Zulip Chat Archive
Stream: mathlib4
Topic: Elab to generalize type classes for theorems
Eric Wieser (Feb 22 2025 at 18:08):
Continuing from #lean4 > Elab to generalize type classes for theorems which discussed whether automated generalization was possible:
others are maybe not very useful
Some examples of this are thinks like generalizing [Ring R] [AddCommGroup M] [Module R M] to [Ring R] [AddCommMonoid M] [Module R M], since every module over a ring is necessarily also an AddCommGroup, and the generalization is just a distraction.
Eric Wieser (Feb 22 2025 at 18:08):
(The same is not true for [Semiring R] [AddCommGroup M], which actually can be useful)
Ruben Van de Velde (Feb 22 2025 at 18:16):
One might start with the ones that are just dropping commutativity, for example
Ruben Van de Velde (Feb 22 2025 at 18:16):
Maybe the main annoyance will be that it's harder to use variable
Vlad Tsyrklevich (Feb 22 2025 at 18:19):
Eric Wieser said:
since every module over a ring is necessarily also an
AddCommGroup
Are you saying that M is always actually an AddCommGroup, or am I misunderstanding? If that's the case, should Module actually require an AddCommGroup?
Vlad Tsyrklevich (Feb 22 2025 at 18:19):
Ruben Van de Velde said:
Maybe the main annoyance will be that it's harder to use
variable
That's one thing I have actually not gotten to yet. My current code only looks at type classes explicitly defined in the declaration, I do not yet look at those pulled in by variable
Vlad Tsyrklevich (Feb 22 2025 at 18:20):
However, building mathlib there are actually only a few places where it has complaints about uses of variable being shadowed, so at least up until now it doesn't seem to make it too messy
Eric Wieser (Feb 22 2025 at 18:21):
Vlad Tsyrklevich said:
Are you saying that
Mis always actually an AddCommGroup, or am I misunderstanding? If that's the case, should Module actually require an AddCommGroup?
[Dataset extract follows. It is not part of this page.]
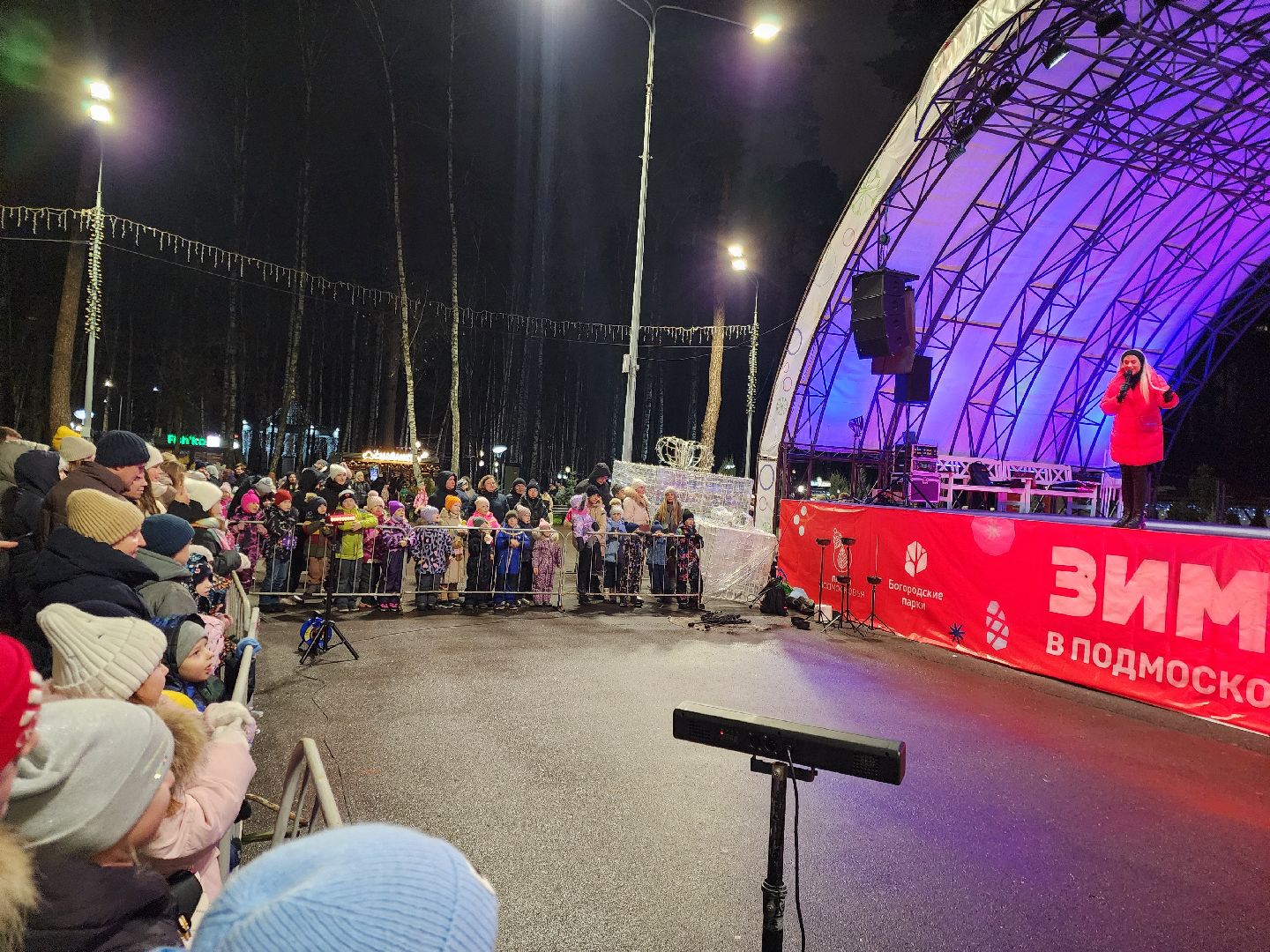 общество, жители, ногинск, парки подмосковья, новогодняя елка, огненное шоу, дети, вертикалки, зима в подмосковье,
I'm saying that the following are interesting:
[Semiring R] [AddCommMonoid M] [Module R M](a "semimodule")[Semiring R] [AddCommGroup M] [Module R M](e.g a positive cone in a vector space)[Ring R] [AddCommGroup M] [Module R M](a "module")
and this one is not:
[Ring R] [AddCommMonoid M] [Module R M](equivalent to a "module" mathematically, but with data fields absent)
Kevin Buzzard (Feb 22 2025 at 18:23):
Vlad Tsyrklevich said:
Are you saying that
Mis always actually an AddCommGroup, or am I misunderstanding? If that's the case, should Module actually require an AddCommGroup?
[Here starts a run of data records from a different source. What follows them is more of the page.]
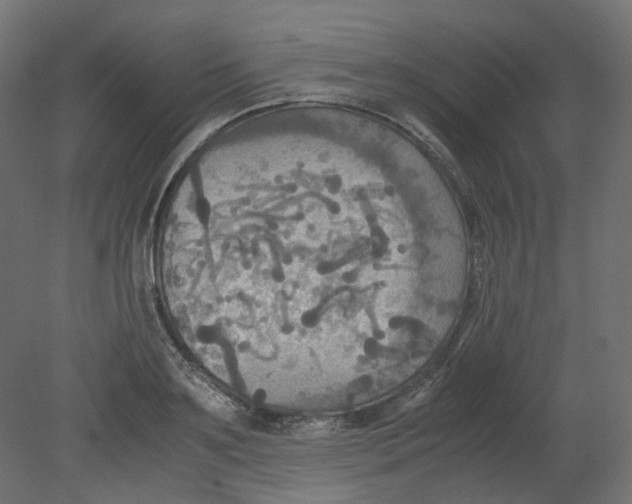 X0000080660891200701121603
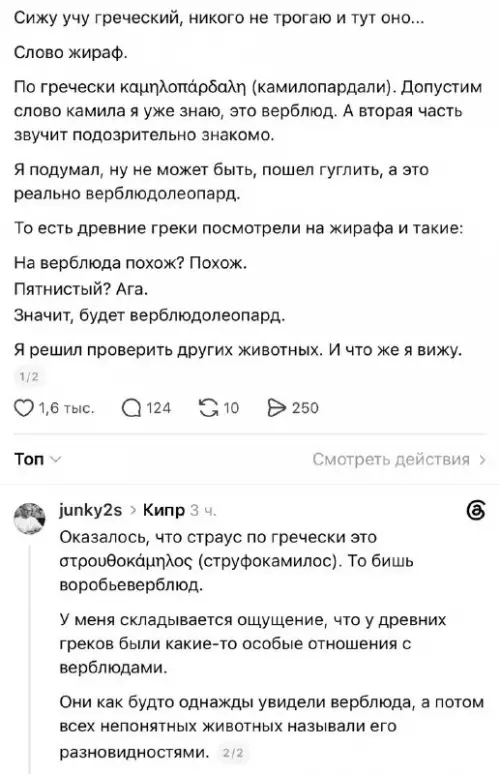Греки и их странная любовь к верблюдам 🐪😂 - Сижу учу греческий, никого не трогаю и тут оно... Слово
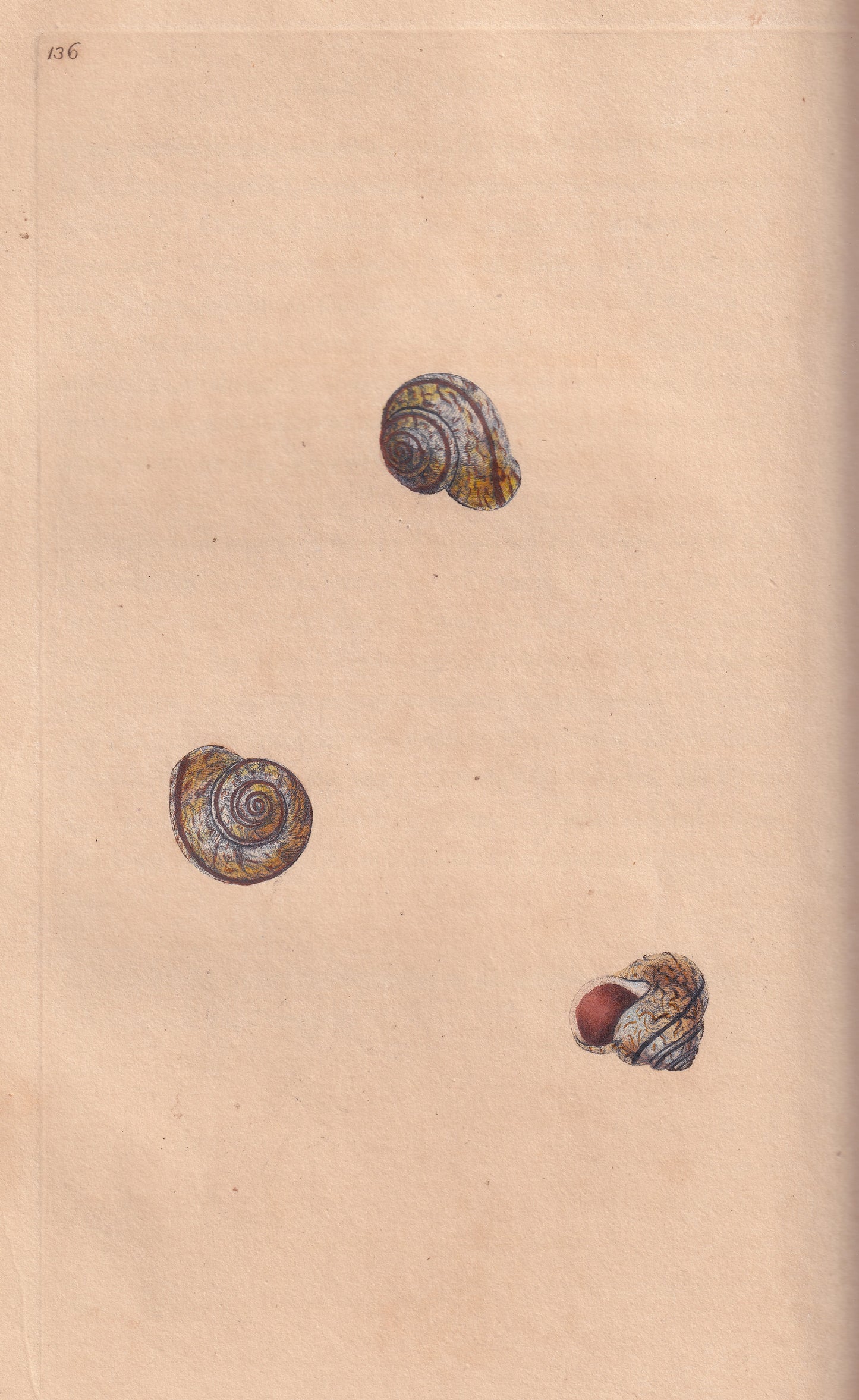 Single-Streak Snail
If R is a semiring and M is an AddCommMomoid then M can be an R-module. If R is a ring and M is an AddCommGroup then M can be an R-module and this is the set-up which is often used by mathematicians. The point is that if R is a ring (not a semiring) and M is an AddCommMonoid and if furthermore M is an R-module, then M is automatically an AddCommGroup, because negation on M can be defined by acting by -1 in the ring. So if you can't weaken the assumption on R from Ring to Semiring then weaking the hypothesis on M from group to monoid might just be causing problems rather than solving them, because they're still groups and it's now harder to see this because you're now going "the wrong way" in the typeclass inference graph.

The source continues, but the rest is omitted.